# Are there examples of finite-dimensional weak Hopf C*-algebras with non-involutive antipode?

For finite-dimensional (non-weak) Hopf C*-algebras it is known that the antipode is always involutive, as claimed e.g. in https://arxiv.org/pdf/1007.5283.pdf. I couldn't find the same statement for weak Hopf C*-algebras, however. Are there counterexamples?

According to this paper of Nikshych-Vainerman, a finite-dimensional weak Kac algebra is precisely a finite-dimensional weak Hopf ${\rm C}^{\star}$-algebra with an involutive antipode ($S^2 = id$), and they give (p306) an explicit example of finite-dimensional weak Hopf ${\rm C}^{\star}$-algebra which is not a weak Kac algebra.

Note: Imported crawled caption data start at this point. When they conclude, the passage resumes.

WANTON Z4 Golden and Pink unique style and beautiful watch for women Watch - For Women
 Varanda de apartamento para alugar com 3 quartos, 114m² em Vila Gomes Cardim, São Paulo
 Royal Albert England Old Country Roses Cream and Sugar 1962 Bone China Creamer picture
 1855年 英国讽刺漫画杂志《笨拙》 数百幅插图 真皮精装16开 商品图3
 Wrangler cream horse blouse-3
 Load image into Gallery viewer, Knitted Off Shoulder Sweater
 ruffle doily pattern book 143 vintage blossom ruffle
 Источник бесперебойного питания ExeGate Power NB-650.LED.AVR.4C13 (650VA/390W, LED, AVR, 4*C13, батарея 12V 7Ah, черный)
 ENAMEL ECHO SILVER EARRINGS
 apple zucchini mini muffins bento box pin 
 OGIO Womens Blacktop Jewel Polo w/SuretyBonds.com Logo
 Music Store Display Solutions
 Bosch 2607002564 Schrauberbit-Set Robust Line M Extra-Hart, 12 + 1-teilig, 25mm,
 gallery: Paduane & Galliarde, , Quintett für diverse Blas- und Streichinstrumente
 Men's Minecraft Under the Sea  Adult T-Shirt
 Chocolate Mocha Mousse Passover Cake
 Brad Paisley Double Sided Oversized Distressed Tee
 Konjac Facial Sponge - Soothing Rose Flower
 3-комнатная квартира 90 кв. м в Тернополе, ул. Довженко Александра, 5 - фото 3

More generally, any finite index depth $2$ inclusion of type ${\rm II}_1$ factors is characterized by a finite-dimensional weak Hopf ${\rm C}^{\star}$-algebra and in the weak Kac case, the index is an integer. So every non-integer finite index depth $2$ subfactor provides an example of finite-dimensional weak Hopf ${\rm C}^{\star}$-algebra with a non-involutive antipode. For any depth $n$ subfactor $(N \subset M)$ of finite index $|M:N|$, if $$N \subset M \subset M_1 \subset M_2 \subset M_3 \subset \cdots$$ is the Jones tower, then $(N \subset M_{n-2})$ is a depth $2$ subfactor of index $|M:N|^{n-1}$. The depth $n$ Temperley-Lieb-Jones subfactor has index $4cos^2(\frac{\pi}{n+1})$, and $[4cos^2(\frac{\pi}{n+1})]^{n-1}$ is not an integer for $n \neq 2,4$, so the corresponding weak Hopf ${\rm C}^{\star}$-algebra has a non-involutive antipode (it should also be the case for $n=4$, but not for $n=2$). The example of Nikshych-Vainerman above is $n=3$.

This paper of Das proves by planar algebra techniques that for any finite index depth $2$ subfactor $(N \subset M)$, the relative commutants $N' \cap M_1$ and $M' \cap M_2$ has a structure of finite-dimensional weak Hopf ${\rm C}^{\star}$-algebra. What does the diagram on p84 say about the antipode $S$?

• The diagram p84 says that the antipode $S$ is a contragredient up to conjugation (i.e. $S(a) = w^{-1} \overline{a} w$), and is involutive up to conjugation (because $S^2(a) = w^{-2} a w^2$). – Sebastien Palcoux Jan 16 '18 at 6:27

The point is that $S^{-1}(q)=S^\ast(q^\ast)$, which is what the diagram on p84 in the mentioned article says.